Computational imaging systems span a broad range of applications. While applications such as SAR, computed tomography, seismic inversion are well known, they have undergone significant improvements (faster, higher-resolution, lower dose exposures^[3]) driven by advances in signal and image processing algorithms (including compressed sensing techniques) and faster computing platforms. Photography has evolved from purely chemical processing to now being able to capture and computationally fuse multiple digital images (computational photography)^[4] making techniques such as HDR and panoramic imaging available to most cell-phone users. Computational imaging has also seen an emergence of techniques that modify the light source incident on an object using known structure/patterns and then reconstructing an image from what is received (For example: coded-aperture imaging, super-resolution microscopy, Fourier ptychography). Advances in the development of powerful parallel computing platforms has played a vital role in being able to make advances in computational imaging.

While computational imaging covers a broad range of applications, the algorithms used in computational imaging systems are often related to solving a mathematical inverse problem. The algorithms are generally divided into direct inversion techniques which are often "fast" and iterative reconstruction techniques that are computationally expensive but are able to model more complex physical processes. The typical steps to design algorithms for computational imaging systems are:

1. Formulating a relationship between the measurements and the quantity to be estimated. This process requires a mathematical model for how the measurements are related to the unknown. For example: In high-dynamic range imaging, the measurements are a sequence of known exposures of the underlying area to be imaged. In an X-ray CT scan, the measurements are X-ray images of the patient obtained from several known positions of the X-ray source and detector camera with a well established relationship for X-ray propagation.
2. Choosing a metric to "invert" the measurements and reconstruct the quantity of interest.
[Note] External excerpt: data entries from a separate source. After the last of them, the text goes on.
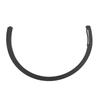 Car Side Wheel Molding Splash Guard Tires Eyebrow Arch Flare Moulding Lip Trim Strip Replacement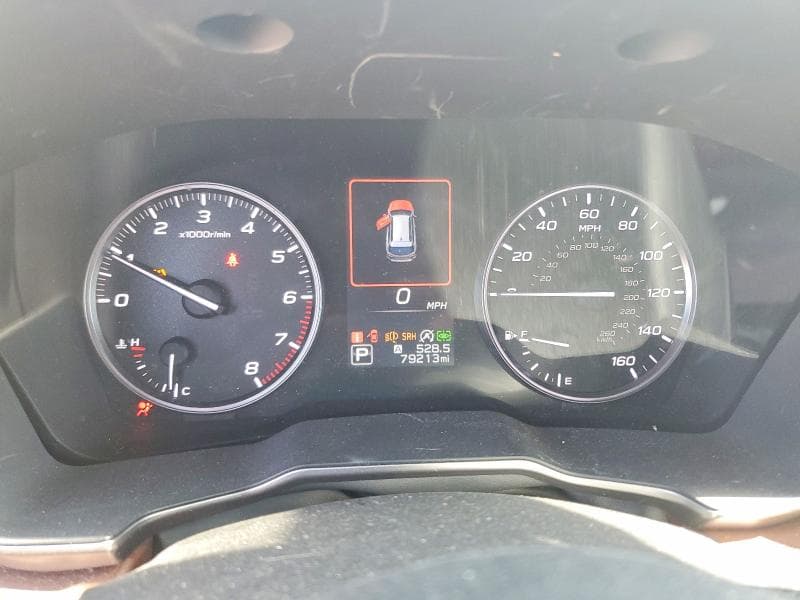 2020 SUBARU OUTBACK TOURING TOURING 9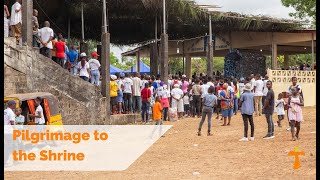 Pilgrimage to Our Lady Queen of Peace Shrine [upl. by Eelsew]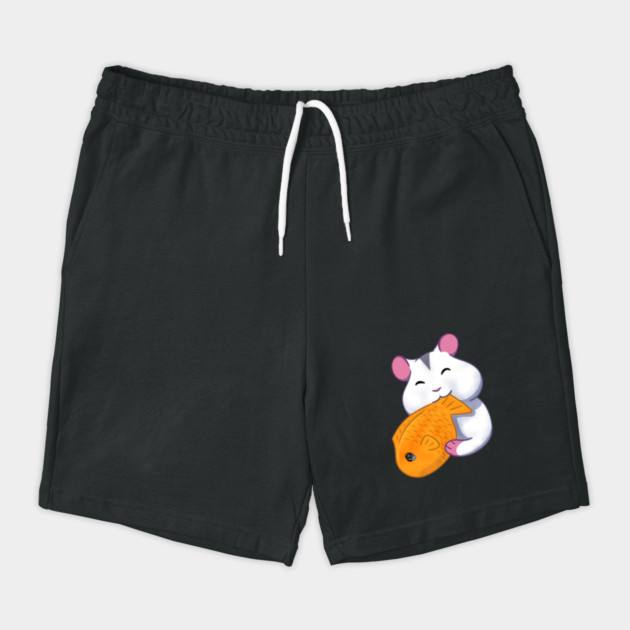 Hamster & Taiyaki by DeguArts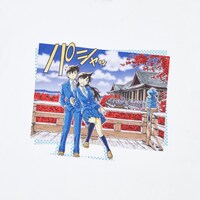 「名探偵コナン」とUTのコラボTシャツ。(c)青山剛昌／小学館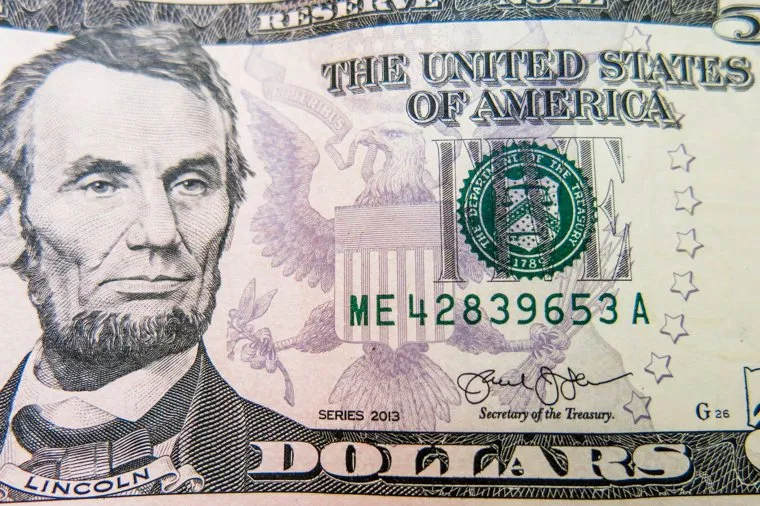 Клипарт. Доллар, валюта. Челябинск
This could be a simple metric such as a least-squares difference between the measurements and the model or a more sophisticated metric based on precisely modeling the noise statistics of the detector and a model for the object of interest. This choice can be related to choosing a statistical estimator for the quantity to be reconstructed.
3. Designing fast and robust algorithms that compute the solution to Step 2. These algorithms often use techniques from mathematical optimization and mapping such methods to fast computing platforms to build practical systems.

Advances in the field of computational imaging research is presented in several venues including publications of SIGGRAPH and the IEEE Transactions on Computational Imaging.